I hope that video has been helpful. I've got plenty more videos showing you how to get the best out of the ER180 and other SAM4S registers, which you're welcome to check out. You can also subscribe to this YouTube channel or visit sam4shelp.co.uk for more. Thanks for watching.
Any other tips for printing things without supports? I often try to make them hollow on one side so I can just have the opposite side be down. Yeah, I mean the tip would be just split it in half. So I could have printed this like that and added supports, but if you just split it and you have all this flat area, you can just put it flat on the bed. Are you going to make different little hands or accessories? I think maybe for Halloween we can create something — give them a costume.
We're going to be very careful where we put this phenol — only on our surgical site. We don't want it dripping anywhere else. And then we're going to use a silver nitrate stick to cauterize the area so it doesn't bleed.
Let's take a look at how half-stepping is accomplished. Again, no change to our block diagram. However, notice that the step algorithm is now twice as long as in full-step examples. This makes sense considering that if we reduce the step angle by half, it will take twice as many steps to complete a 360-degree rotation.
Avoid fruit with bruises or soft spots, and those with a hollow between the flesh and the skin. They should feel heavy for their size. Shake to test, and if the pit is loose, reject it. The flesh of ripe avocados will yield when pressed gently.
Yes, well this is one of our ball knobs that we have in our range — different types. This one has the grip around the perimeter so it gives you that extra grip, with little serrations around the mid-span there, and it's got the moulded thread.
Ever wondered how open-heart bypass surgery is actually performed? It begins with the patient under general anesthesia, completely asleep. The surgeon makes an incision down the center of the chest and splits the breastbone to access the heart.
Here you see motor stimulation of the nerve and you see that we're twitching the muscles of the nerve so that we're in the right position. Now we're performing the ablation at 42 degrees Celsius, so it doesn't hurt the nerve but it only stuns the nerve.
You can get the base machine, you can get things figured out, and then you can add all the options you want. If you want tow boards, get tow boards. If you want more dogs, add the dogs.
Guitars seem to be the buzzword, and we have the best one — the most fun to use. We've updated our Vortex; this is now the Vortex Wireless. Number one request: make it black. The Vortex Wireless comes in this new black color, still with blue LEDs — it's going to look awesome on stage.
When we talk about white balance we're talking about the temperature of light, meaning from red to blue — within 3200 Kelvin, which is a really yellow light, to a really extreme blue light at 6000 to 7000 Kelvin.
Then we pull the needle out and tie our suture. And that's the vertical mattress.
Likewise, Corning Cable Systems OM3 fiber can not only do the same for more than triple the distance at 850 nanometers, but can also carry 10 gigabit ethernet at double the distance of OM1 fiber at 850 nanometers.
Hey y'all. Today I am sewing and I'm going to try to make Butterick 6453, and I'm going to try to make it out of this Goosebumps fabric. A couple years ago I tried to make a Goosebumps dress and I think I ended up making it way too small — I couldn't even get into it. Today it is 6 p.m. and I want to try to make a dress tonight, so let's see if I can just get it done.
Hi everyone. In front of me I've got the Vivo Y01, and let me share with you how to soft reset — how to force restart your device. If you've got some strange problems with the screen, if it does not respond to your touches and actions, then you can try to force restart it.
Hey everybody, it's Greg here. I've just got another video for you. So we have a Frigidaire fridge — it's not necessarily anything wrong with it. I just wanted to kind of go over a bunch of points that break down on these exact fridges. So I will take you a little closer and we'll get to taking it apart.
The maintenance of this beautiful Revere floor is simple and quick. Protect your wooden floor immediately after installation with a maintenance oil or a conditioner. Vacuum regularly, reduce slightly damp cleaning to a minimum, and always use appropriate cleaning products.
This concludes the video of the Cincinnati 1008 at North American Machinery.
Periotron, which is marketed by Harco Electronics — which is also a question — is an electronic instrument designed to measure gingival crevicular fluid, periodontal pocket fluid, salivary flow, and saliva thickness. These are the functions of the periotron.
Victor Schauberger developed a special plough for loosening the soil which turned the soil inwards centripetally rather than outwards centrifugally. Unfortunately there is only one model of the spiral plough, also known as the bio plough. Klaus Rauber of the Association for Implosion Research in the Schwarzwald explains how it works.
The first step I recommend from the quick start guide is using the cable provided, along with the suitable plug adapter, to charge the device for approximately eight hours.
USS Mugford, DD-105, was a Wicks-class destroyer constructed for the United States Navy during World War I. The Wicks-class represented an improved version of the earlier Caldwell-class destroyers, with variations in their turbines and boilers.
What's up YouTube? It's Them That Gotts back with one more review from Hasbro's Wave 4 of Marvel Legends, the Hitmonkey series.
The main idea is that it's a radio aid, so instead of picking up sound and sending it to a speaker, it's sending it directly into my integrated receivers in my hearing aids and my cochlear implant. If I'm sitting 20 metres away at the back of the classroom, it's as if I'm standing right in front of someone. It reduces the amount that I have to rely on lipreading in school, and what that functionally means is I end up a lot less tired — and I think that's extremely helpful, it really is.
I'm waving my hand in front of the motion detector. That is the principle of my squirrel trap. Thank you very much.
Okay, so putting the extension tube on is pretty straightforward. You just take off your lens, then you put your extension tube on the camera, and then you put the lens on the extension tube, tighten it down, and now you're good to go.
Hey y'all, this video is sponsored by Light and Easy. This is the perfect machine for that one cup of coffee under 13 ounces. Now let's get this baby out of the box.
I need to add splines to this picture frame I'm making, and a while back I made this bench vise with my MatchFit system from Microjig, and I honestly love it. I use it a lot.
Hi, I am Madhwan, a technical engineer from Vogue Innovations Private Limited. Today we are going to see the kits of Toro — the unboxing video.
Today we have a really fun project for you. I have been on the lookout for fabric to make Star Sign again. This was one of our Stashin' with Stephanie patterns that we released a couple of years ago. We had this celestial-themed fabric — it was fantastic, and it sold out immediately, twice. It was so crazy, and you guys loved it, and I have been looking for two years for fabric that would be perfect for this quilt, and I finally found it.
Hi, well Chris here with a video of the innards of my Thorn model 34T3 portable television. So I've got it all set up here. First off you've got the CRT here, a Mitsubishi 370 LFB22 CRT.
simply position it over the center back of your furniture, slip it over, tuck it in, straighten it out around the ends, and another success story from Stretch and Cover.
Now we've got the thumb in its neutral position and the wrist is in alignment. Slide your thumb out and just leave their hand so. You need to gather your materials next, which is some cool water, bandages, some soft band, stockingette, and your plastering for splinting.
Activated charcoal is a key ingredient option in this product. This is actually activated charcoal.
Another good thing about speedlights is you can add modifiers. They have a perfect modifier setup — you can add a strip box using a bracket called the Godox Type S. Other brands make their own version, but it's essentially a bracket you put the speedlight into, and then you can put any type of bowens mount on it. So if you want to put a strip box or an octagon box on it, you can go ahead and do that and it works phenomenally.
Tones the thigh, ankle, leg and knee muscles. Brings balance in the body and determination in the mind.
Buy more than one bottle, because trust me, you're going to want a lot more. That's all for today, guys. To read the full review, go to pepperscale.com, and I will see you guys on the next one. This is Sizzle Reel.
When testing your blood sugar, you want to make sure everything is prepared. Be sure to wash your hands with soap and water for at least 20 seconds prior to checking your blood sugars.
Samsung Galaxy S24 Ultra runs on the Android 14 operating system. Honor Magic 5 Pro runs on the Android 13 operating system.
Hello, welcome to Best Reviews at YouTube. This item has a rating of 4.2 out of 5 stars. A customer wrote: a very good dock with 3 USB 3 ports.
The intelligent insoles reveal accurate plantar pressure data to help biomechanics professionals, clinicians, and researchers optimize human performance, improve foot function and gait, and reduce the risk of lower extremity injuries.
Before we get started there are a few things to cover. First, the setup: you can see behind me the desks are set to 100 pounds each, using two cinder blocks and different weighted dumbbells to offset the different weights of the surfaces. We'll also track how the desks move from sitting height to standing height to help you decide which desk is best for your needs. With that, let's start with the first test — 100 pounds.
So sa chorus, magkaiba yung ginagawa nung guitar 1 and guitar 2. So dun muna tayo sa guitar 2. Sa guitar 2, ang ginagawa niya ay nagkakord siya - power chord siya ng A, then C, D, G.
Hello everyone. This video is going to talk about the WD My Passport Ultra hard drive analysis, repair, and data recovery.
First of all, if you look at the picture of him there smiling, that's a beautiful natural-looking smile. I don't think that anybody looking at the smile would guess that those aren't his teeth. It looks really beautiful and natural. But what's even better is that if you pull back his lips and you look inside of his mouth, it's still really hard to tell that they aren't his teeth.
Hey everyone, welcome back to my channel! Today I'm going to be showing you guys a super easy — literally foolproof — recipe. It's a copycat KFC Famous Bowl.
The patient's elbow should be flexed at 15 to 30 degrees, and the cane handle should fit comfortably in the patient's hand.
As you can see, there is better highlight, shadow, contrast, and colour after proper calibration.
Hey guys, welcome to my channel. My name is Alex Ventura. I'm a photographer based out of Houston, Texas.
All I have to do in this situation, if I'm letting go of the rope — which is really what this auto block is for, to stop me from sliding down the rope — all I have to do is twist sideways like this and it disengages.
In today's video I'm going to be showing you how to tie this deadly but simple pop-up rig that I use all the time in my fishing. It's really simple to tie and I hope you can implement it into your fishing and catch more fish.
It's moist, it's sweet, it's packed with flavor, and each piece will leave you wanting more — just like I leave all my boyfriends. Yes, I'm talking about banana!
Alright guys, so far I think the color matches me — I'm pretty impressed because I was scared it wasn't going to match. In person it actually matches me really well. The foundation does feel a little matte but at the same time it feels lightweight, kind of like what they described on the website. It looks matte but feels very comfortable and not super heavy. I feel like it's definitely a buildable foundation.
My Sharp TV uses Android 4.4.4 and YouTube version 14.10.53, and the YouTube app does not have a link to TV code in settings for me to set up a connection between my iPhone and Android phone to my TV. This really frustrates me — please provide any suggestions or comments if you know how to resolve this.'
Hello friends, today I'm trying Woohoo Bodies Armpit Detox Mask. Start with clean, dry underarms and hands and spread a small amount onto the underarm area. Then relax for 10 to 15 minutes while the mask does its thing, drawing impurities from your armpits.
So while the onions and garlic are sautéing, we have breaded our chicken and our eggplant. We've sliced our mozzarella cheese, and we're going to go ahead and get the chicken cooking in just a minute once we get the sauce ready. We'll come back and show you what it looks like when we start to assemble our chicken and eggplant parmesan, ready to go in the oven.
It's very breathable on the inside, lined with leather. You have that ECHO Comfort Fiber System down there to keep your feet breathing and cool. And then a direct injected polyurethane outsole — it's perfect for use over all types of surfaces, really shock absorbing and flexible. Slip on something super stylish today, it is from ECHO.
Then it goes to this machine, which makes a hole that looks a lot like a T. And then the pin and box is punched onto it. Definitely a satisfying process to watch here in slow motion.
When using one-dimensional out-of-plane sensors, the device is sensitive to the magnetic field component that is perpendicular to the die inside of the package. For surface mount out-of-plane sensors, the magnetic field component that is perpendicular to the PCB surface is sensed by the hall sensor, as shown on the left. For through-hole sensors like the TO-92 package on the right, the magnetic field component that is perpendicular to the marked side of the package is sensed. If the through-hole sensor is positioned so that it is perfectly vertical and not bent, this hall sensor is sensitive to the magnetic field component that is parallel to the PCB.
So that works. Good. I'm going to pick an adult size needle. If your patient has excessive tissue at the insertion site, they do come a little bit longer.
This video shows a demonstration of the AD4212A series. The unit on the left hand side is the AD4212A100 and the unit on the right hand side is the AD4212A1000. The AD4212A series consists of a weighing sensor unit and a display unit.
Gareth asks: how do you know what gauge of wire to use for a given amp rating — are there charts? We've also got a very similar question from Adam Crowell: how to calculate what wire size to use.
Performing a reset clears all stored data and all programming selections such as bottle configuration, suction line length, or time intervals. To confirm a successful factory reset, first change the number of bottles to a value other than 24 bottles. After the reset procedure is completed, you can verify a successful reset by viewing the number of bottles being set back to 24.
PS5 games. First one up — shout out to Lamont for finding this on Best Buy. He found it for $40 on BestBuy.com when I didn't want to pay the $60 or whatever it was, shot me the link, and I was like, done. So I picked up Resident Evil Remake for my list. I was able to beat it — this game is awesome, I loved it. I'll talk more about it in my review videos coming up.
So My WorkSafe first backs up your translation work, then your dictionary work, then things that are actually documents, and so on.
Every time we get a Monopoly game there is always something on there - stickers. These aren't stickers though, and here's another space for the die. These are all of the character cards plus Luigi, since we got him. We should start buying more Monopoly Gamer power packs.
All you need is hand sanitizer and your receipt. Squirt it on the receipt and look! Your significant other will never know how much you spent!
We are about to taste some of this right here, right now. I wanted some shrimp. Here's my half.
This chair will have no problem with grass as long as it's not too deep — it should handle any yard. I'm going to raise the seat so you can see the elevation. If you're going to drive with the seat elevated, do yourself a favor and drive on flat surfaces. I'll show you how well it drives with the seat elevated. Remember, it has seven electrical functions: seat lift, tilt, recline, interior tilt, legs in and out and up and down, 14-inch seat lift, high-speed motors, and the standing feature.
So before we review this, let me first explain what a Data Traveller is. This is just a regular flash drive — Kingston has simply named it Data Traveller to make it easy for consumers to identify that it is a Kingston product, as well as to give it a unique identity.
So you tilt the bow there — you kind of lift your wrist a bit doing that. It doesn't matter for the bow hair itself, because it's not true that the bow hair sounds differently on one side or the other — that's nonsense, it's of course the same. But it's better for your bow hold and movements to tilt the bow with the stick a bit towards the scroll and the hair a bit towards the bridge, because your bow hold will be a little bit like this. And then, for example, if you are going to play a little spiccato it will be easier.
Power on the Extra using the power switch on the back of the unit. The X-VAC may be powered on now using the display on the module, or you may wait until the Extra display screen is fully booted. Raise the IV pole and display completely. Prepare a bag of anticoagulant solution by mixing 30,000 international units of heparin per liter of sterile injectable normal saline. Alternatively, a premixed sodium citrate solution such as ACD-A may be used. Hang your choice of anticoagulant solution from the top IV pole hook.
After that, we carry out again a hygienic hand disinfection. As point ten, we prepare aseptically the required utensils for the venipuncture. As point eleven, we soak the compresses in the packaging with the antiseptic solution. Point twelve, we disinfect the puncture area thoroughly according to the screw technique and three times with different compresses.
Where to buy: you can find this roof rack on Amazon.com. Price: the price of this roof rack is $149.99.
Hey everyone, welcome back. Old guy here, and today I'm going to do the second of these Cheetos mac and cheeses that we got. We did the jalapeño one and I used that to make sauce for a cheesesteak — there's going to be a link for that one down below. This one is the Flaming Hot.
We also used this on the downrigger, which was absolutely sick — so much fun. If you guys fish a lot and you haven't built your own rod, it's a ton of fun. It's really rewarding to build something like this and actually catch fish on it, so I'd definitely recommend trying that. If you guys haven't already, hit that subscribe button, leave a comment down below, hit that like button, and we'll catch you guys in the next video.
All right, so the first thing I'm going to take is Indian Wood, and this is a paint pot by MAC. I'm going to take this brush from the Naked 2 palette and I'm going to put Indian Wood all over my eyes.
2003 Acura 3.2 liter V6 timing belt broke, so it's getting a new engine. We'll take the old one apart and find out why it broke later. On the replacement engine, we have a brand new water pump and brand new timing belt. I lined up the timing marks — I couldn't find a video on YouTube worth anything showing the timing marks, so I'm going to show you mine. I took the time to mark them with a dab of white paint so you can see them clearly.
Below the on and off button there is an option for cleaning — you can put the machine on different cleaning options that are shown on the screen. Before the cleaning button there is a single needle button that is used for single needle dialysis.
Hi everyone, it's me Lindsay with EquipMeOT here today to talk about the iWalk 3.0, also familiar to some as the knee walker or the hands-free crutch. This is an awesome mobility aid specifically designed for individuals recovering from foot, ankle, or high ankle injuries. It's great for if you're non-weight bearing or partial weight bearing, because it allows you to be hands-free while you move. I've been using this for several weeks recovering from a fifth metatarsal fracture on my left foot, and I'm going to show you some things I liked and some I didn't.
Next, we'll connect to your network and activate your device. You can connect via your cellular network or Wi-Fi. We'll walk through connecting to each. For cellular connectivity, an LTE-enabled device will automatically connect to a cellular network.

Brief: Lines that contain "motion" are to be copied from the records above.

Answer to the exercise:
I'm waving my hand in front of the motion detector. That is the principle of my squirrel trap. Thank you very much.
Then it goes to this machine, which makes a hole that looks a lot like a T. And then the pin and box is punched onto it. Definitely a satisfying process to watch here in slow motion.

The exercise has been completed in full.